|
|
|
|
|
|
| |
| |
|
|
|
|
| |
| |
|
|
I would appreciate feedback and corrections on how I managed to get
povray-3.7.0.beta.33 installed and mostly working on one node of a Rocks Linux
cluster as a regular (non-privileged) user.
* X Windows display does not work at all, as the installation notes suggest.
* I was able to get boost recognized only by compiling POV-Ray static.
* The resulting executable is about 4 MB.
* I used default optimization. (Is it worth trying variations?)
I posted details of the installation process on my wiki.
http://wiki.waggy.org/dokuwiki/povray/shamu_install
Although with this more-or-less standard installation each POV-Ray instance uses
only the eight processors on one node, I intend to use the software primarily
for animations and plan to write a script to render individual frames using a
separate instance on all 24 nodes. Eventually I may be able to convince the
system administrators to install it properly, but it will be difficult to do so
until the software is out of beta.
I am by no means any kind of Linux guru, and may well have done something
terribly wrong, or at least unconventional. But since I'll be passing this
along to the high-performance computing class I'm assisting with this term, any
suggestions to improve my method (or reduce my madness) would be most welcome.
Thanks in advance for your thoughts!
Post a reply to this message
|
|
| |
| |
|
|
|
|
| |
| |
|
|
waggy schrieb:
> * X Windows display does not work at all, as the installation notes suggest.
This is likely just due to the required header files missing.
> I posted details of the installation process on my wiki.
You may want to change the line reading
./configure COMPILED_BY="David Wagner <hon### [at] handbasketorg>"
lest everyone takes that literally ;-)
> Although with this more-or-less standard installation each POV-Ray instance uses
> only the eight processors on one node, I intend to use the software primarily
> for animations and plan to write a script to render individual frames using a
> separate instance on all 24 nodes. Eventually I may be able to convince the
> system administrators to install it properly, but it will be difficult to do so
> until the software is out of beta.
A Linux cluster, you say? I guess that would be separate machines (each
with their own main memory) linked via a network-ish infrastructure,
right? In that case, a "properly installed" copy will not be able to
make use of the whole thing either (except by running independent
instances as you intend to do for animations): As of now, POV-Ray
supports multithreading, but not distributed computing, as parts of it
still rely on access to a common address space.
Post a reply to this message
|
|
| |
| |
|
|
|
|
| |
| |
|
|
clipka wrote:
> This is likely just due to the required header files missing.
Thanks! I'll see if I can track these down.

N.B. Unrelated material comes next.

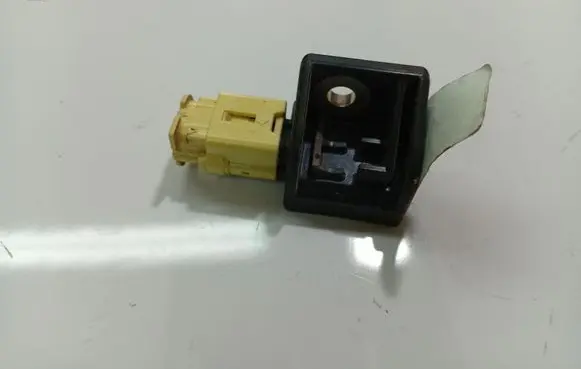 Honda FR-V Airbag deployment crash/impact sensor 77970SFEB110M2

> You may want to change the line reading
>
> ./configure COMPILED_BY="[snip]
I was on the fence about this due to the intended audience, a class full of
graduate engineering students with big, gnarly computational problems and
(assumed) zero Linux experience, but I took your advice and obfuscated it a
bit.
> A Linux cluster, you say? I guess that would be separate machines (each
> with their own main memory) linked via a network-ish infrastructure,
> right? In that case, a "properly installed" copy will not be able to
> make use of the whole thing either (except by running independent
> instances as you intend to do for animations): As of now, POV-Ray
> supports multithreading, but not distributed computing, as parts of it
> still rely on access to a common address space.

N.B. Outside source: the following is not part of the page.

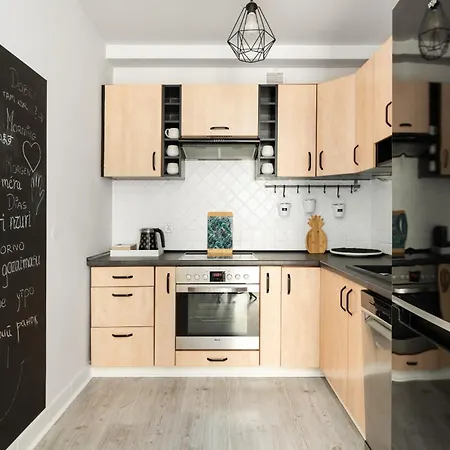 Апартаменты Modern With Balcony 2 Km To International Fair By Renters Познань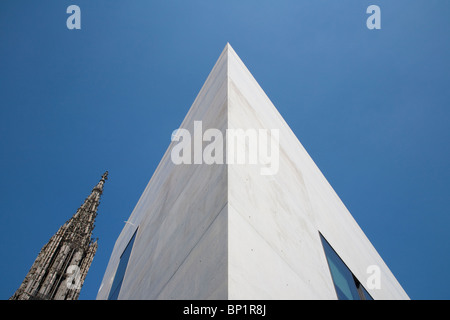 Cathédrale d'ULM, KAUFHAUS BÂTIMENT MUNSTERTOR, Neue Mitte, ULM, Bade-Wurtemberg, Allemagne Banque D'Images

It's my understanding the cluster has some tools installed to manage these kinds
of batch jobs far better than I'll be able to do with a shell script. The
admins install applications (such as MatLab, Octave, and presumably POV-Ray) as
modules which need to be loaded before use, which I assumed was at least in part
for efficient resource management. I'm headed for two days of training at the
main University of Texas campus (in Austin where Shamu's "big brother" is; I'm
at UT San Antonio) in a couple of weeks to find out how wrong I am. :)
Post a reply to this message
|
|
| |
| |
|
|
|
|
| |
| |
|
|
waggy schrieb:
> It's my understanding the cluster has some tools installed to manage these kinds
> of batch jobs far better than I'll be able to do with a shell script. The
> admins install applications (such as MatLab, Octave, and presumably POV-Ray) as
> modules which need to be loaded before use, which I assumed was at least in part
> for efficient resource management. I'm headed for two days of training at the
> main University of Texas campus (in Austin where Shamu's "big brother" is; I'm
> at UT San Antonio) in a couple of weeks to find out how wrong I am. :)
I'd be eager to hear about it.
Post a reply to this message
|
|
| |
| |
|
|
|
|
| |
| |
|
|
clipka wrote:
> I'd be eager to hear about it.
First, thanks for the tip on X Windows. I verified that X Windows is not
available for compiling on the cluster. This is probably a good thing since I
wouldn't want to accidentally leave display on when rendering a few thousand
animation frames.
As for setting up cluster jobs, the workshop was primarily an introduction to
writing SMP code. I suppose the 'proper' way to distribute POV-Ray rendering
would be to patch it so that when it is run on a cluster one piece of the job (a
frame range or still image super-mosaic square) is rendered as usual (one mosaic
square thread per core) by each node. Also, have another thread stitching the
pieces together as they become available. (I'm taking the developers' word for
it that message overhead is prohibitively expensive for converting their pthread
implementation to MPI, even on clusters with massive internode bandwidth.)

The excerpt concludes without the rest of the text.